"Ah! dear child," sighed the baroness, "we cannot alter these things. We are condemned all our lives long to be the slaves of our inferiors."

Herr von Walde quietly turned towards her, and his glance measured her slowly from head to foot.

"Well, why do you look at me so, my dear Rudolph?" she asked, not without a tinge of uneasiness in her tone.

"I looked to see whether you really seemed fitted to play one of those sad parts in Uncle Tom's Cabin."

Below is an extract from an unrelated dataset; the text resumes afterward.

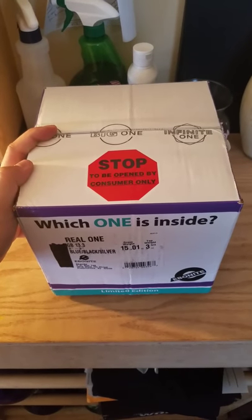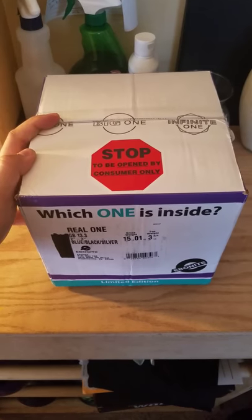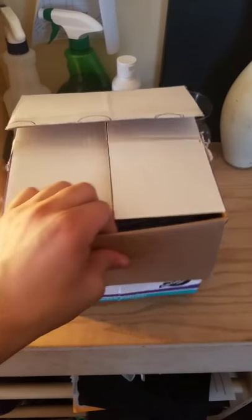I bought a real one from Jeff Smith at Purit Pro Shop in Pennsylvania. I cut the tape already but I want to open the box and hopefully I got one of the Lemon Edition Balls.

"Always ridicule when I look for sympathy," rejoined the lady, endeavouring to lend a gentle, melancholy tone to her harsh voice. "I might have known it, but——" She sighed again. "We do not all possess your enviable equanimity, which is never affected by the petty annoyances and necessary evils of this life. We poor women have our miserable nerves, which make us doubly sensitive to everything that jars upon our minds. If you had seen me this morning, in what a wretched condition I was——"

"Indeed!"

"I have been tried inconceivably. Well, Miss Mertens must answer for it."

"Has she injured you?"

"What an expression! My dear Rudolph, how could a person in her situation injure me? She has vexed me,—made me exceedingly angry!"

"I am greatly pleased to see that you do not bend without a struggle to the yoke of bondage."